**EXERCISE OBJECTIVE**
Below is a listing; reproduce exactly its lines from the one containing "扬州西湖液压机具厂有限公司_机动绞磨_双卷筒机动绞磨_轴传动机动" to its last line, both ends kept, and no other lines.

**DATA PROVIDED**

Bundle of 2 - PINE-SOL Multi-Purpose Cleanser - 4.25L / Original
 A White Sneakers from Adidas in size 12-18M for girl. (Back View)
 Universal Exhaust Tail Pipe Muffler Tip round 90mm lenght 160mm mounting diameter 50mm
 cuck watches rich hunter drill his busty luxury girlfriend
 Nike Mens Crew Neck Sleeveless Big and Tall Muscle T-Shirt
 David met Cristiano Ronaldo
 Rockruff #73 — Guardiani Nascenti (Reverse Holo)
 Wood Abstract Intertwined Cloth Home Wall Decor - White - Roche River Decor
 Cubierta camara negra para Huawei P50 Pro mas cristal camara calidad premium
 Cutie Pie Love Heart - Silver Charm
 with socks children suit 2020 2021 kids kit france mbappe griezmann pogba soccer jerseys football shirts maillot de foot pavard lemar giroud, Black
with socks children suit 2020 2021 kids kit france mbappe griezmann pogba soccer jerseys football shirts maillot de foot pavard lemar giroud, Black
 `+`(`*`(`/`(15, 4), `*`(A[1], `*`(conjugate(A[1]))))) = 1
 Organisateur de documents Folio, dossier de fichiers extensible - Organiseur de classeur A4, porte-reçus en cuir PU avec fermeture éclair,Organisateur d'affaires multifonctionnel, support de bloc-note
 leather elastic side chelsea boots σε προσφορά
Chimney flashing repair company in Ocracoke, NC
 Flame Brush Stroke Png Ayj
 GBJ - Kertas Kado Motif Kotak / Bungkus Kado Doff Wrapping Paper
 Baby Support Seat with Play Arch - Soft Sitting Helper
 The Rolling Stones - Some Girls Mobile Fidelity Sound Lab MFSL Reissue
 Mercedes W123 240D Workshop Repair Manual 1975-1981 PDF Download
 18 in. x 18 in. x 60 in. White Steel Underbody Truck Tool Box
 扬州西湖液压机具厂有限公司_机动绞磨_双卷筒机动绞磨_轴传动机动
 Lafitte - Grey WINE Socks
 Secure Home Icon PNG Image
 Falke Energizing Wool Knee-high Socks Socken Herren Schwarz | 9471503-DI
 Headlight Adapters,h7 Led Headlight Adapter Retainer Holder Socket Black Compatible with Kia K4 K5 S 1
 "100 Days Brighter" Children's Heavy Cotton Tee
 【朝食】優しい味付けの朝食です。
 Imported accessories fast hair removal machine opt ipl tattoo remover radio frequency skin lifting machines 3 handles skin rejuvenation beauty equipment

**RESPONSE**
 扬州西湖液压机具厂有限公司_机动绞磨_双卷筒机动绞磨_轴传动机动
 Lafitte - Grey WINE Socks
 Secure Home Icon PNG Image
 Falke Energizing Wool Knee-high Socks Socken Herren Schwarz | 9471503-DI
 Headlight Adapters,h7 Led Headlight Adapter Retainer Holder Socket Black Compatible with Kia K4 K5 S 1
 "100 Days Brighter" Children's Heavy Cotton Tee
 【朝食】優しい味付けの朝食です。
 Imported accessories fast hair removal machine opt ipl tattoo remover radio frequency skin lifting machines 3 handles skin rejuvenation beauty equipment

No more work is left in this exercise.